Volgens het EY Global Integrity Report van 2022 is meer dan de helft (55%) van de werknemers en leiders van bedrijven wereldwijd van mening dat de normen van bedrijfsintegriteit de afgelopen achttien maanden hetzelfde zijn gebleven of achteruit zijn gegaan.
Lastiger door pandemie
Bijna alle respondenten in de enquête zijn het eens met de stelling dat integriteit belangrijk is in hun organisatie, maar 41% zegt dat de COVID-19-pandemie het moeilijker maakt om zakelijk integer te handelen. Uit de enquête, waarin meer dan 4.700 werknemers, managers en bestuursleden uit 54 landen en gebiedsdelen om hun mening werd gevraagd, blijkt dat leiders het lastig vinden om een sterke en effectieve integriteitscultuur binnen hun bedrijf te creëren en te communiceren.
Toename
42% van de respondenten op bestuursniveau is het eens met de stelling dat onethisch gedrag van senior managers en high performers in hun organisatie door de vingers wordt gezien. Dat is een ruime toename ten opzichte van 2020 toen 34% het met de stelling eens was. 34% van de bestuursleden is het eens met de stelling dat het gemakkelijker is om bedrijfsregels in hun organisatie te omzeilen dan in 2020. Ook dit aantal is flink toegenomen (was 25% in 2020).

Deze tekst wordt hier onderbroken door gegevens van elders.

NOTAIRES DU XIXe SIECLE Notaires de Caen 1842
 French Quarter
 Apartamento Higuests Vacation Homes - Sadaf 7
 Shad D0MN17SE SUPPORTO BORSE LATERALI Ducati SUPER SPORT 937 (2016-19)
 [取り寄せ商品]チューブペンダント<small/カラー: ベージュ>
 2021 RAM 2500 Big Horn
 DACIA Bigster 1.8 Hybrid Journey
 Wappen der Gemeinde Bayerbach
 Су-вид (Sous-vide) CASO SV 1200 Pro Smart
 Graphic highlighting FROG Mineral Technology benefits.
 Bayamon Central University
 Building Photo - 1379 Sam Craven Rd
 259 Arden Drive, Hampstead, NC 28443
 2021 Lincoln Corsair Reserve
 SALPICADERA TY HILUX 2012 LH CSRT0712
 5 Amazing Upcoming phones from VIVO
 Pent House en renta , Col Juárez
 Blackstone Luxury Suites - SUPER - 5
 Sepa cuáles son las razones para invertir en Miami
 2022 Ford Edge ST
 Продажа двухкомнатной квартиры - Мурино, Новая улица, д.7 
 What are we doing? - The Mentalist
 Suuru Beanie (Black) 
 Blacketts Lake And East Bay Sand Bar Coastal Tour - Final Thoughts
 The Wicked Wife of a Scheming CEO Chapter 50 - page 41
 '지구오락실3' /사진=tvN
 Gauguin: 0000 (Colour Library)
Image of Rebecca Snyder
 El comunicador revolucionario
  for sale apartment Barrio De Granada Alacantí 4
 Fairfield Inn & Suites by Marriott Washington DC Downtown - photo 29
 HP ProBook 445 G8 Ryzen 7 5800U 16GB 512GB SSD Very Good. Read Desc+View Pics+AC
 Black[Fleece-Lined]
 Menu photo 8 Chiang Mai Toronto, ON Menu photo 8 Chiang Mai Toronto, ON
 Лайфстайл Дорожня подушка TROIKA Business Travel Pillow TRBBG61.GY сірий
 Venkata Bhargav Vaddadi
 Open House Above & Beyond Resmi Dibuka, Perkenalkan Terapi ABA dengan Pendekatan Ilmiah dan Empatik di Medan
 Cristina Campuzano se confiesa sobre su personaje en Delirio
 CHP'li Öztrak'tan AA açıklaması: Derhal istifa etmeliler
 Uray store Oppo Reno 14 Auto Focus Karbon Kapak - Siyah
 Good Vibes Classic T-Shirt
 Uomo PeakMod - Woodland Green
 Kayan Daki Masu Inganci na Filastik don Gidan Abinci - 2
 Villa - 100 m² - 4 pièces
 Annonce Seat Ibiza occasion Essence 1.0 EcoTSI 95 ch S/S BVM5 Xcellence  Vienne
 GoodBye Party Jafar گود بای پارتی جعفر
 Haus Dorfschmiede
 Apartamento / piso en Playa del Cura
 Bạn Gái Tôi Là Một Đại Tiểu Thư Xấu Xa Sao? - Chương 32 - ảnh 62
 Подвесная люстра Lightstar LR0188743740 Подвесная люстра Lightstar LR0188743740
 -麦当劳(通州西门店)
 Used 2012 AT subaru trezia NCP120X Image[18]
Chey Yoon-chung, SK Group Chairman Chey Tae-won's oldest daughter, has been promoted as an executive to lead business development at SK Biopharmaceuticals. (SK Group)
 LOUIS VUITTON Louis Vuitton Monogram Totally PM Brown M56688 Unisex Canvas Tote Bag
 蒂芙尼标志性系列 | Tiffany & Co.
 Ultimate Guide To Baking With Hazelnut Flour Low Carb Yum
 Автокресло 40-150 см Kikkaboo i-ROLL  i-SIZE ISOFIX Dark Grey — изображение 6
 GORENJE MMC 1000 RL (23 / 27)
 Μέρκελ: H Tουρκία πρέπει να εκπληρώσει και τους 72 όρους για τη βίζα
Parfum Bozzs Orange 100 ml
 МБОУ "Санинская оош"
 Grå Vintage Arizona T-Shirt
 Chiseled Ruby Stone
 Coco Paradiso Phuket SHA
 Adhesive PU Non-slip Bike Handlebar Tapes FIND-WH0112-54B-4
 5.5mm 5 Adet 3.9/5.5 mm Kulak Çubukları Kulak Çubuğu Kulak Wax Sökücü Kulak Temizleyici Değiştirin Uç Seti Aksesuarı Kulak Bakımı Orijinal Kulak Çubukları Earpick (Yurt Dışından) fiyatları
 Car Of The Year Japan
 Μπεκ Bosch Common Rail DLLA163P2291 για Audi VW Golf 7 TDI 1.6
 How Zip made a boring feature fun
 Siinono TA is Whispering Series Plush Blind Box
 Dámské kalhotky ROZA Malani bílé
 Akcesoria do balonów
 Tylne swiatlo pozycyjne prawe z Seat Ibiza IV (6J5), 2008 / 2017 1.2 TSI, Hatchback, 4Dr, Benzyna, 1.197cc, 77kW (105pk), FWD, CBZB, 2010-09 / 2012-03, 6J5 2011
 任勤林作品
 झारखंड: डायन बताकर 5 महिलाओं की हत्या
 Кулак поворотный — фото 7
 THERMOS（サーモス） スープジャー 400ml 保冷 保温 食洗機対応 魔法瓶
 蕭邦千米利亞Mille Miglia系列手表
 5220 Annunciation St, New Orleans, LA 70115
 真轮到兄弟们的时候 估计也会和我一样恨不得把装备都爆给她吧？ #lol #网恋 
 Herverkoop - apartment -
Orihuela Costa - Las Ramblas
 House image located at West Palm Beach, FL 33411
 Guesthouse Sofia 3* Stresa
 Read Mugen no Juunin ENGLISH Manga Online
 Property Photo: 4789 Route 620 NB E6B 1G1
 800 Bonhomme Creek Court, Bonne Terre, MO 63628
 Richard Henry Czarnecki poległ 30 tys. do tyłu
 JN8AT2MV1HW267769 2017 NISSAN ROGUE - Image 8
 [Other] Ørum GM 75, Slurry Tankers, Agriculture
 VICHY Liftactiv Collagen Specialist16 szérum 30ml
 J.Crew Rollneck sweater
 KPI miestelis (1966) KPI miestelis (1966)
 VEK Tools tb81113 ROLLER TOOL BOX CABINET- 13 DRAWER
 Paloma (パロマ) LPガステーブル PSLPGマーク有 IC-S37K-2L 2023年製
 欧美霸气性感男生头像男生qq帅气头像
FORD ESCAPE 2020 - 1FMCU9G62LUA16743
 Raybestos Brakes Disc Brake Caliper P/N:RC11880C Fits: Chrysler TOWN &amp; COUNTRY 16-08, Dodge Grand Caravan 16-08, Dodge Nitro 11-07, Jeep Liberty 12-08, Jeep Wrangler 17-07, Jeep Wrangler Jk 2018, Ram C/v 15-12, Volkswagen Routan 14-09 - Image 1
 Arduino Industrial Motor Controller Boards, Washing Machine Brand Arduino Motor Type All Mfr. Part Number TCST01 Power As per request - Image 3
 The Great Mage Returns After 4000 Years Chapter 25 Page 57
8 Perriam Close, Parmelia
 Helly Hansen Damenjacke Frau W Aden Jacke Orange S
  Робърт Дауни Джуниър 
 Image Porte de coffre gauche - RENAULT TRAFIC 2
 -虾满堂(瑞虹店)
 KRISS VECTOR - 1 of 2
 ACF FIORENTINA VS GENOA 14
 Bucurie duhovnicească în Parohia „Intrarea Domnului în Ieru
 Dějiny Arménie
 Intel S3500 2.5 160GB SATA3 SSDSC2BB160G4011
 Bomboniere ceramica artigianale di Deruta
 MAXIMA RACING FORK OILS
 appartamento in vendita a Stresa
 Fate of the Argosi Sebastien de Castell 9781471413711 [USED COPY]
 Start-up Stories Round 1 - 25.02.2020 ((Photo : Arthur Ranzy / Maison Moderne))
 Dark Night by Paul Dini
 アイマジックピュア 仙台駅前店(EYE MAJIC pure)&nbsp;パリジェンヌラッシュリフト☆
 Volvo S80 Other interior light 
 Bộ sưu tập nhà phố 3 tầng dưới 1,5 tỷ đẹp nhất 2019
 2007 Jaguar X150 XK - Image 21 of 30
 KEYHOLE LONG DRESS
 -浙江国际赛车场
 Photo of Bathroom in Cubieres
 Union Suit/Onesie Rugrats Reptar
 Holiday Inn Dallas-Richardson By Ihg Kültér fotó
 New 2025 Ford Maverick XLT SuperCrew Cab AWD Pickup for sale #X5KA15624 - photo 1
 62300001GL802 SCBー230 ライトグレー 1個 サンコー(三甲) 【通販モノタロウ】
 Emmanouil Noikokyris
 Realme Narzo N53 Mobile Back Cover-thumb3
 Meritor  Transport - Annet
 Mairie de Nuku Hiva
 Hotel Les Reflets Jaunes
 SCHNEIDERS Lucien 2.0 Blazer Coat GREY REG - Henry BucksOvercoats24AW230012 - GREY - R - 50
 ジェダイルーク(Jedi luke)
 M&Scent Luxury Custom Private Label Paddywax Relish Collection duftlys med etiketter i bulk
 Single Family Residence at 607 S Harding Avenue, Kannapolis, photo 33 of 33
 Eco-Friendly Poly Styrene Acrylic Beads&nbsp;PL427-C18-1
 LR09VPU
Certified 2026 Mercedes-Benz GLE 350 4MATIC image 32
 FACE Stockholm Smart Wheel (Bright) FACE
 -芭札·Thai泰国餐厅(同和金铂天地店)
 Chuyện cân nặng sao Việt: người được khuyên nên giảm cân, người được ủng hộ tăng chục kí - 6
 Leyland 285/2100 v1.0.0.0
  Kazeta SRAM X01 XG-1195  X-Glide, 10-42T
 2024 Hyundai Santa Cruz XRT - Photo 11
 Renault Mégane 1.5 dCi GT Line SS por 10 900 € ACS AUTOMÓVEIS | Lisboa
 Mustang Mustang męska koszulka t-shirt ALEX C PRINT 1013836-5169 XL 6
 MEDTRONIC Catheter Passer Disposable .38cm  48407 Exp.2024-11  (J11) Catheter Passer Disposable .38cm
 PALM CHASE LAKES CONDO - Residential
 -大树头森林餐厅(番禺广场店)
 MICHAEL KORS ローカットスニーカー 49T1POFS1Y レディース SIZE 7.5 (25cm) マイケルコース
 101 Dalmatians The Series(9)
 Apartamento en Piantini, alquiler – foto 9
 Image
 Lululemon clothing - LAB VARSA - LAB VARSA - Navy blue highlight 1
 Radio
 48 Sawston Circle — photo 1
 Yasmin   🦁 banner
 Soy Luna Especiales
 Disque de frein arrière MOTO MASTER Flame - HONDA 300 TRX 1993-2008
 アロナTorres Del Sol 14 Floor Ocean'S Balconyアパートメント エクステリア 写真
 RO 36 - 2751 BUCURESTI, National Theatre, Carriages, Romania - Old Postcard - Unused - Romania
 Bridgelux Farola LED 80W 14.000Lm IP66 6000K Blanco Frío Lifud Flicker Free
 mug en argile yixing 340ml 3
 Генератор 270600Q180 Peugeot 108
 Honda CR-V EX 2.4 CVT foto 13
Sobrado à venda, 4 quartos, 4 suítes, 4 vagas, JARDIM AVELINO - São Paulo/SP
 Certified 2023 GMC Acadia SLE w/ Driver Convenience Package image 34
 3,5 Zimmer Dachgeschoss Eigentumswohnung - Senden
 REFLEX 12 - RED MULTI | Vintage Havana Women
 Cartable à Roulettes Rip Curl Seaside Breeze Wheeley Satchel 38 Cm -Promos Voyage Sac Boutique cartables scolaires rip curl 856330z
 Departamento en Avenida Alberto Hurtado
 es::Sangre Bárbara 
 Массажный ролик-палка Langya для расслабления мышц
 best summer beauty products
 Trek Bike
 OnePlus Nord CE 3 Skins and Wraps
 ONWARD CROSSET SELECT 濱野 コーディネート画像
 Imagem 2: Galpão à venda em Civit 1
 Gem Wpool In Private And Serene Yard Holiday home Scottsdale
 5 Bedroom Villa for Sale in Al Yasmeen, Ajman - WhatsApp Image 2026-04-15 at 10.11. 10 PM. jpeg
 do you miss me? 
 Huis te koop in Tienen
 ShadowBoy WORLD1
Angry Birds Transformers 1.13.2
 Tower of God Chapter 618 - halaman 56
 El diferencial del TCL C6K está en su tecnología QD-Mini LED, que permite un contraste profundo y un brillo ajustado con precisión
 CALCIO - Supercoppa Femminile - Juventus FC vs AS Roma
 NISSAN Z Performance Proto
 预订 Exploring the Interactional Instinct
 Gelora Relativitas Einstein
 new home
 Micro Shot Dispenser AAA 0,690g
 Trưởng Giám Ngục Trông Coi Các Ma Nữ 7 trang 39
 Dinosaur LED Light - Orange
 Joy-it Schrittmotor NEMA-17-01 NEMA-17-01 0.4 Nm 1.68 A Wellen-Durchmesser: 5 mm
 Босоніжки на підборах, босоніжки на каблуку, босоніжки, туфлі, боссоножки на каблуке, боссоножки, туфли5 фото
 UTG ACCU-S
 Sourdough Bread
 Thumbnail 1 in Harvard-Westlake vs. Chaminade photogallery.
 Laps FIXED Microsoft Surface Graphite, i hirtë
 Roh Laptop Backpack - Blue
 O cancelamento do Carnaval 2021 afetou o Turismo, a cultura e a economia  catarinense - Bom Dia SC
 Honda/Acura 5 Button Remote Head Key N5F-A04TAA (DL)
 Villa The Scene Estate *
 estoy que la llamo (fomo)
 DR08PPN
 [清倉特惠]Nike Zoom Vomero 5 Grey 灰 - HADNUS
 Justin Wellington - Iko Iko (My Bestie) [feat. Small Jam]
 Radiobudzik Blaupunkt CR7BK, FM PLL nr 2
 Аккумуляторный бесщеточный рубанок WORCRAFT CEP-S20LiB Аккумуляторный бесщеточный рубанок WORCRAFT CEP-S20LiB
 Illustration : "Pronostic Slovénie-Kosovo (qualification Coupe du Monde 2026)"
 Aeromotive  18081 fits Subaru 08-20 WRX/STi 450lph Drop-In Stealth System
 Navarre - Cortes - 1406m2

Andrew Gordon, EY Global Forensic & Integrity Services Leader: “Bij bedrijven in de hele wereld hebben de integriteitsnormen een flinke klap gekregen van de COVID-19-pandemie. Door de verandering in werkwijzen gedurende de COVID-19-pandemie is het risico van fraude en onethisch gedrag groter geworden. Door hybride werken wordt het moeilijk om effectief op naleving te monitoren, en tijdens een crisis neemt het frauderisico doorgaans toe, omdat bedrijven en individuen onder hogere financiële druk staan.”
Vaker gedragscode
De afgelopen twaalf maanden is er meer geïnvesteerd in initiatieven op het gebied van integriteit en naleving: anderhalf jaar geleden had 47% van de ondervraagde organisaties een gedragscode ingesteld, nu is dat 53%. Ook zijn er meer opleidingsprogramma’s: 46% van de bedrijven geeft periodiek training over relevante juridische, regelgevende of professionele vereisten, tegen 38% in 2020. De enquête maakt echter duidelijk dat deze toegenomen investering niet effectief wordt gecommuniceerd en dat het senior management de effectiviteit van de programma’s voor bedrijfsintegriteit vaak overschat.
Andrew Gordon: “Organisaties investeren meer in communicatie en opleidingsprogramma’s, maar dit is niet genoeg. Tussen investering in actie en werkelijke verandering loopt een scheidslijn die zorgen baart. Een sterke integriteitscultuur is essentieel, en bedrijven moeten beoordelen wat werkt en wat verbeterd moet worden.” Niet alleen ontbreekt het aan bewustzijn, ook lijkt er weinig begrip te zijn van het kritieke belang van integriteit, afgezien van naleving van regels en voorschriften. Slechts een derde (33%) van de respondenten zegt dat zich gedragen volgens ethische normen een belangrijk kenmerk van integriteit is.
Ethisch manco aan de top
De enquête vestigt de aandacht op nog een tegenstrijdigheid op het vlak van gedrag. Onder de hoogste bestuurders lijkt er een bereidheid te bestaan om de regels te omzeilen. De kans dat bestuursleden die in het kader van het onderzoek werden ondervraagd, financiële administratie vervalsen, is vijf keer zo groot als bij werknemers (15% tegenover 3%) en de kans dat bestuursleden zich bereid verklaren om eventueel externe derden zoals auditors te misleiden, is zes keer zo groot (18% tegenover 3%).
De respondenten in de enquête gaven als voornaamste reden om wangedrag in hun organisatie niet te melden dat ze bang zijn dat er toch niets aan gedaan wordt (38%). Bijna een op de drie respondenten geeft aan bezorgd te zijn over het toekomstige carrièreverloop in hun organisatie. 36% vindt dat het gemakkelijker is om zorgen te melden. Dit aantal is licht gedaald ten opzichte van 2020 (toen 39%).